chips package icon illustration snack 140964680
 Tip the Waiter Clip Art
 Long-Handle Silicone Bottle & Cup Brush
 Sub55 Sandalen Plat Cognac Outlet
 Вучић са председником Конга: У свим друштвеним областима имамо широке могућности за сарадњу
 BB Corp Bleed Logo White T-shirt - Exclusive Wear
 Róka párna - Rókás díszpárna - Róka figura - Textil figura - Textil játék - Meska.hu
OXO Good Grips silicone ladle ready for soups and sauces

* * *

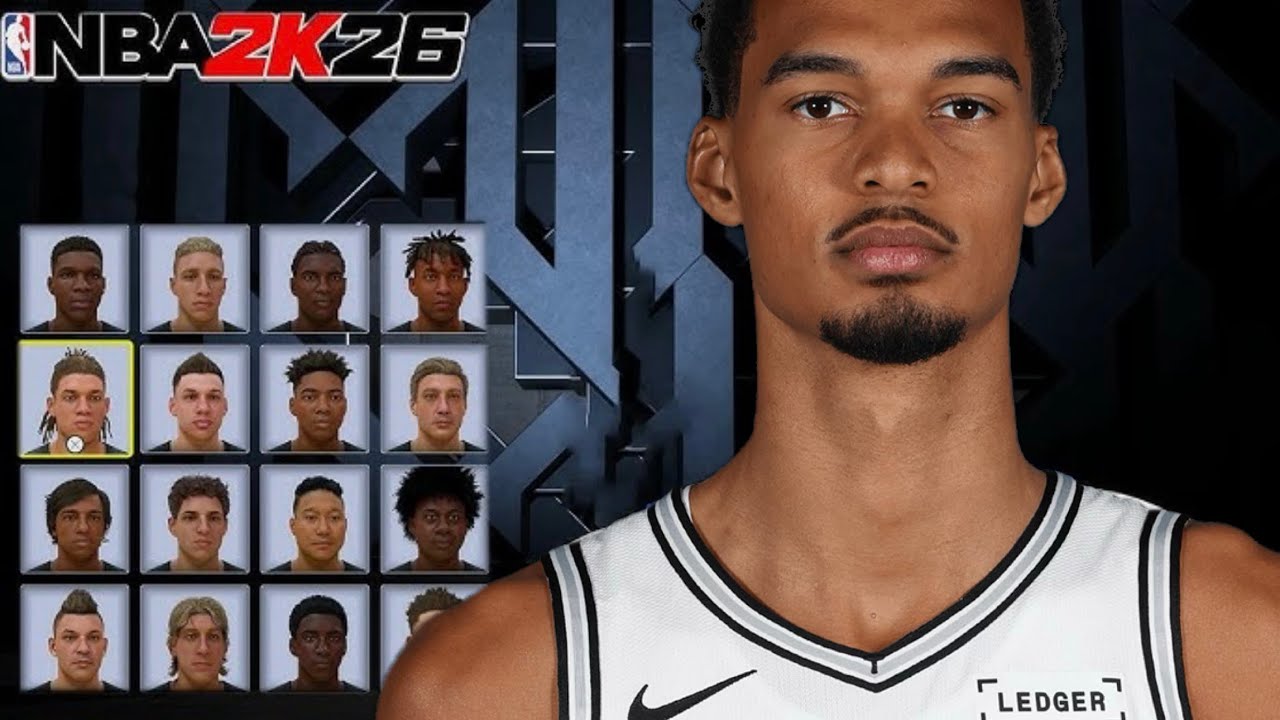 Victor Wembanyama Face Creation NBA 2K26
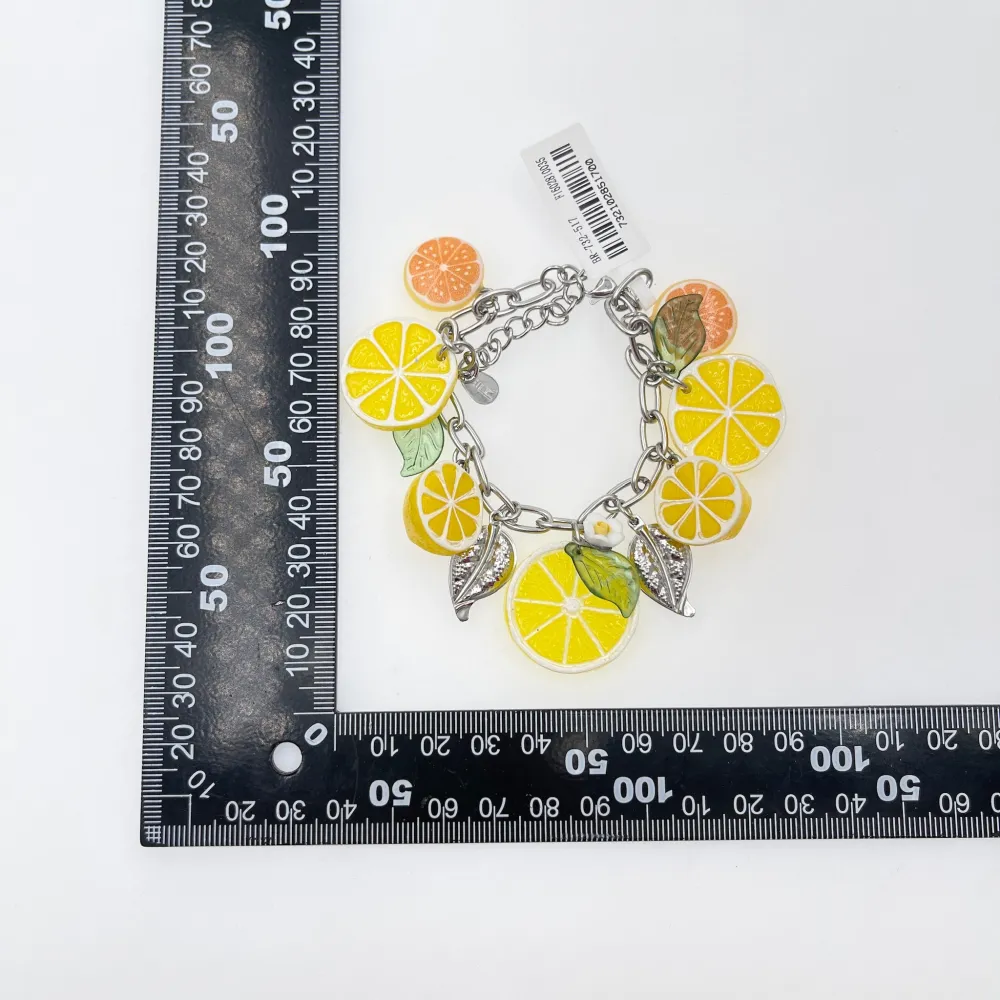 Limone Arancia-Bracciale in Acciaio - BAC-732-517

- [Work request]:
Go to the line in the material above that contains "chips package icon" and copy exactly from there through the line that contains "OXO Good Grips", stopping after it.

- [Solution]:
chips package icon illustration snack 140964680
 Tip the Waiter Clip Art
 Long-Handle Silicone Bottle & Cup Brush
 Sub55 Sandalen Plat Cognac Outlet
 Вучић са председником Конга: У свим друштвеним областима имамо широке могућности за сарадњу
 BB Corp Bleed Logo White T-shirt - Exclusive Wear
 Róka párna - Rókás díszpárna - Róka figura - Textil figura - Textil játék - Meska.hu
OXO Good Grips silicone ladle ready for soups and sauces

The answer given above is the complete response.